West Lake Bonney, Taylor Valley, Antarctica
Reporting from Blood Falls Basecamp
Today we put the bot in the water. Since the vehicle hasn’t been wet since our last tests at NBL (NASA’s Neutral Buoyancy Lab) in August we wanted to check all of the electronics pods for leaks and check that all of sensors and instruments were working. The bot has traveled halfway around the world, after all. To do these checks we hung the bot from the hoist without the orange syntactic blocks we normally use to make the vehicle float. John and Peter paid particular attention to their scientific instruments on the drop sonde. They adjusted the water pump on the sonde, raising the bot out, priming the pump and lowering it again a few times to watch its behavior. With the pump in order, Chris, Shilpa and Kristof ran through the checklist of sensors and electronics: No pod leaks, sonars, DVL (Doppler Velocity Log), depth sensors, IMU (Inertial Measurement Unit), cameras, lights and so on, all working. Check, check, check…
Kristof, John, and Peter watch intently as the bot is lowered into the melt hole for the first time.
John and Peter get the Seabird pump on the drop sonde working.
One of the last few tests was to check the science payload package, the profiler. The profiler is made up of several parts. First there is the drop sonde, basically an aluminum frame with all of Peter and John’s water chemistry instruments strapped onto it. This sonde hangs from the bot by a Kevlar reinforced Ethernet cable. The cable feeds over a pulley and onto a large spool on the opposite side of the vehicle. Servo motors spin the spool to raise and lower the sonde through the different water strata in the lake. Normally, with the floatation blocks in place, we are not able to see much of the spooler functioning; only the up and down motion of the sonde is visible. Since we left the blocks off for this test we were able to watch the entire profiler in action underwater. It was satisfying to see how smoothly the level winder guided the green Ethernet cable between the spool and the pulley as it wound and unwound, raising and lowering the sonde. Several minutes into the test run, however, the spooler stopped unexpectedly. Chris noted that the software was reporting a temperature fault – it was too cold. What we found was that if we heated the electronics pod for the profiler in air with the Herman Nelson heater, the driver would function correctly, but once the pod had cooled to 10°C in the nearly freezing water, the driver would stop.
We watch from above as the spooler drum (on the right) unwinds the bright green Ethernet cable that holds the sonde (underwater on the far left).

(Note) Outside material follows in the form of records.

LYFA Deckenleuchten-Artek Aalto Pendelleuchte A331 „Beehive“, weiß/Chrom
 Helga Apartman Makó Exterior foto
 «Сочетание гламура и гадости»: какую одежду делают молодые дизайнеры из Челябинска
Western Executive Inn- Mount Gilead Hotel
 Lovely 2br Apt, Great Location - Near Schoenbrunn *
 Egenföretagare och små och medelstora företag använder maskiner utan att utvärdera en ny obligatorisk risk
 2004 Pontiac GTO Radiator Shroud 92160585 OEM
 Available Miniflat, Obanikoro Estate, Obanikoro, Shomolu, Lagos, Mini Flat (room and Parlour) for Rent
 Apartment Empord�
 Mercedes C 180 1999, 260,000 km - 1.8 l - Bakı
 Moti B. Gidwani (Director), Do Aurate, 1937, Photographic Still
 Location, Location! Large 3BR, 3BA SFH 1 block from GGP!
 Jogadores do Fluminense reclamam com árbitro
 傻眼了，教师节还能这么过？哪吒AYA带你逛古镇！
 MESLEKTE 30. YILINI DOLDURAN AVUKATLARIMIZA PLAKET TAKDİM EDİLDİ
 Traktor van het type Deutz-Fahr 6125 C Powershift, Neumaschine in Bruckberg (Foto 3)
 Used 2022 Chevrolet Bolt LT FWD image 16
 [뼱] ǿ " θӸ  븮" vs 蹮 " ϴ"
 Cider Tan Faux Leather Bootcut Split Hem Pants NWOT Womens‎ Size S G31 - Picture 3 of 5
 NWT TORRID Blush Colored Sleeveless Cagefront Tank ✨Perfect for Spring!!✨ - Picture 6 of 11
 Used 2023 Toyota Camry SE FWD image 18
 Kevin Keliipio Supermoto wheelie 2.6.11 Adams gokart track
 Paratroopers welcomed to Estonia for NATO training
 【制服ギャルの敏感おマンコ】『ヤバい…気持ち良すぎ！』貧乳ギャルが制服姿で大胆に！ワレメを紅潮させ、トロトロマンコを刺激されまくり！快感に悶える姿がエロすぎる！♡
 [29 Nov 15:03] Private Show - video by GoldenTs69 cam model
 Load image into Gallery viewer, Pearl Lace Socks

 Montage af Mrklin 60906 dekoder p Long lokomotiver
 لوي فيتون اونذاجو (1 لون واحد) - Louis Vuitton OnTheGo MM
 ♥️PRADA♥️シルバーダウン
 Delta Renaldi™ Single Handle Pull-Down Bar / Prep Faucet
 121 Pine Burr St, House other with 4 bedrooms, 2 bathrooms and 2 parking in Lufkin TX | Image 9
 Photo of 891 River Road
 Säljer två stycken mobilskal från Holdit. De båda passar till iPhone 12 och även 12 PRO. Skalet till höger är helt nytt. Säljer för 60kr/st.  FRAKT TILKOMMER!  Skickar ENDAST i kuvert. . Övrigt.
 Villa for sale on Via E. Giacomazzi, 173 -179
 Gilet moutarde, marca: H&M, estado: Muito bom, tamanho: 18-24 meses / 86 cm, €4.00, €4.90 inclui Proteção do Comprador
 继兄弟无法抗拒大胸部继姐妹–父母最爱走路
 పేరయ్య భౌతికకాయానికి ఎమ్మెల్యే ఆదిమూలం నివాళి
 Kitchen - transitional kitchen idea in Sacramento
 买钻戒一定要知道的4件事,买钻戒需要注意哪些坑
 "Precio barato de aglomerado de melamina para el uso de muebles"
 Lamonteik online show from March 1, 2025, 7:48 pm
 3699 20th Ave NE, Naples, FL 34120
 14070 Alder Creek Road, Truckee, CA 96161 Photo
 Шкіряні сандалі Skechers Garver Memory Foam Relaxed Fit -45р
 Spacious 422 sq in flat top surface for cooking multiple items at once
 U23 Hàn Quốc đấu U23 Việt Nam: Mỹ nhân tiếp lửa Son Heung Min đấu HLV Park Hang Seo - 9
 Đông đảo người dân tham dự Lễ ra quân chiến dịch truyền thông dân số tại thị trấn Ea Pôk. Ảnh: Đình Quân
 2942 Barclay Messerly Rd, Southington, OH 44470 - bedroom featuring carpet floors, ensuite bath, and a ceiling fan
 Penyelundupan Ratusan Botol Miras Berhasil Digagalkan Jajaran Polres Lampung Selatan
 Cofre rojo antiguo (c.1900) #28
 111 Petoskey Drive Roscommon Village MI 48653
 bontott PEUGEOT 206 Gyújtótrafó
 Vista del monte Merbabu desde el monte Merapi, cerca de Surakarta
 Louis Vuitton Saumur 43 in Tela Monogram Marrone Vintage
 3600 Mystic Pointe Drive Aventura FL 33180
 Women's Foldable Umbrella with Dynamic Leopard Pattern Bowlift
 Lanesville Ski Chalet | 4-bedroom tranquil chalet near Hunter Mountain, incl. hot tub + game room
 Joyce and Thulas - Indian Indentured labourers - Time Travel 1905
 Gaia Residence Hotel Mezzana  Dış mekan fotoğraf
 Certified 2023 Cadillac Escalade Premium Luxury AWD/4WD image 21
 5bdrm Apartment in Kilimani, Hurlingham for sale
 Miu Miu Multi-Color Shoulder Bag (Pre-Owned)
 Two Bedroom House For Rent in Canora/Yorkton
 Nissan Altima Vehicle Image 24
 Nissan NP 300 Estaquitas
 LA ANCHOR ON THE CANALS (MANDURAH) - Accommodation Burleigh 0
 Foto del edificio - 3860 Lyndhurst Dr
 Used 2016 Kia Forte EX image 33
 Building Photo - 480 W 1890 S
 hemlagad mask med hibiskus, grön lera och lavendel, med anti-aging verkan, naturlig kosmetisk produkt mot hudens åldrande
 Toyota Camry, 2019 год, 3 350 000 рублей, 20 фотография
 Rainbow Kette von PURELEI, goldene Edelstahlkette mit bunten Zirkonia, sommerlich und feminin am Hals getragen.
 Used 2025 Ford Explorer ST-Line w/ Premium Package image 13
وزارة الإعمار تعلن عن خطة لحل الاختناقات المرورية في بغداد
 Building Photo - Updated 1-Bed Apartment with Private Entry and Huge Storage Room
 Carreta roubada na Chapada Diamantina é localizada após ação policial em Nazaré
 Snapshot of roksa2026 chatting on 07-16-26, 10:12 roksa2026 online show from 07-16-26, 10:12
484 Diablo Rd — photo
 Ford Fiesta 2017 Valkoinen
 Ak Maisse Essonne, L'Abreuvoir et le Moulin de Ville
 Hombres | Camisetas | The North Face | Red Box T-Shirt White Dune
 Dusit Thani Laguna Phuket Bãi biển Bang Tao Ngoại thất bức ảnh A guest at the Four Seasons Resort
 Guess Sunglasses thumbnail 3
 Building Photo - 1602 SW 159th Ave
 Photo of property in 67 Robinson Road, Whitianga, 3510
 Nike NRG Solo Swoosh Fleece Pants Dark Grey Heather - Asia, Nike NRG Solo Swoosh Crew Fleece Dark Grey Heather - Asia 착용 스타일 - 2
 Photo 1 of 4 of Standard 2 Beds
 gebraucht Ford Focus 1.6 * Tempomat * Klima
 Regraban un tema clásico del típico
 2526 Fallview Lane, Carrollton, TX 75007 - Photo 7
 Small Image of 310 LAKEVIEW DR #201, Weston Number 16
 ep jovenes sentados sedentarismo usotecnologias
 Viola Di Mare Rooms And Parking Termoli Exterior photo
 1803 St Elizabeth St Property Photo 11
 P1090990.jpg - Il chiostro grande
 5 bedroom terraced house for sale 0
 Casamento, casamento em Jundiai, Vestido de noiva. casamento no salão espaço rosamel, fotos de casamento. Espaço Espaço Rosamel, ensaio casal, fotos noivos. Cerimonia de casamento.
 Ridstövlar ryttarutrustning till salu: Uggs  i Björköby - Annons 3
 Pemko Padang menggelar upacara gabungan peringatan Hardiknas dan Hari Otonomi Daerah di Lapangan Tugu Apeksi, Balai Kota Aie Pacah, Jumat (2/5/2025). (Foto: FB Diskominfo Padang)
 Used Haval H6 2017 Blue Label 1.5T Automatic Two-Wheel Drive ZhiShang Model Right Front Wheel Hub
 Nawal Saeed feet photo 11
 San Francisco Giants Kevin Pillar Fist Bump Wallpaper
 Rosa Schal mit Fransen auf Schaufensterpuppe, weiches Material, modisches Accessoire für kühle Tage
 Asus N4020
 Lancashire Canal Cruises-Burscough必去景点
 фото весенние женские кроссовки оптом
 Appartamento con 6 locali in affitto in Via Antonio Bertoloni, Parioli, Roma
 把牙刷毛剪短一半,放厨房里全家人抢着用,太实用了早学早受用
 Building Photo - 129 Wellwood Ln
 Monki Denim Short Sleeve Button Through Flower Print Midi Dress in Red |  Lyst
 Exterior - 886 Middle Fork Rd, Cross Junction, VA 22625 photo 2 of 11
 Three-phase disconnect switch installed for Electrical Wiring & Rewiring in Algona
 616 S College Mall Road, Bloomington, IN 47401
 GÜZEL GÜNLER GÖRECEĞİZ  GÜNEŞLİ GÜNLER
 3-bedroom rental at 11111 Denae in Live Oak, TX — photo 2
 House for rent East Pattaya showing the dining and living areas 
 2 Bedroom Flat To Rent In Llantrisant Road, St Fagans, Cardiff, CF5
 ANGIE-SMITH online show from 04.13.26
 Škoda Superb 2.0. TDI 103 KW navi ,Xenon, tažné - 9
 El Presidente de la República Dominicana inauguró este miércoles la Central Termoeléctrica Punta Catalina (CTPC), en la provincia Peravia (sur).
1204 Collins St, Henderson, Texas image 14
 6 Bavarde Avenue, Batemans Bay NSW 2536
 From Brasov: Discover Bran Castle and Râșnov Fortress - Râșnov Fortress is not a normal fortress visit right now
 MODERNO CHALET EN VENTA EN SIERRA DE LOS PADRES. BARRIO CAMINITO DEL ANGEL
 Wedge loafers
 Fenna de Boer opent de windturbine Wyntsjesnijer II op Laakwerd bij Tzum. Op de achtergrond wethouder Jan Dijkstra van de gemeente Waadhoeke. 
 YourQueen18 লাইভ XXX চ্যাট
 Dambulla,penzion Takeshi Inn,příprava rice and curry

With the bot back on the surface, Chris plugs directly into the profiler electronics pod to investigate the servo motor malfunction while Kristof looks on.
Of course we had considered the effects of Antarctic temperatures on the vehicle before. We wondered if such cold water would cause equipment malfunctions. In February we operated the bot under ice in Lake Mendota in Madison, Wisconsin. Those tests identified a problem with the electronics that control the thrusters. We later traced that problem back to some poorly soldered connections – a slip in quality control from the manufacturer. The faulty electronics were immediately replaced and the bot suffered no further problems from the cold. But during the February tests in Wisconsin the profiler was still in the design phase; it didn’t exist and thus couldn’t be cold tested. So what exactly is the problem? Is there a way we can fix it in the software settings, a minimum temperature parameter we can change to allow the servos to run at a lower temperature? There isn’t anything about it in the servos’ manual and, given the time difference between here and the States, we’ll have to wait until morning to ask the manufacturer.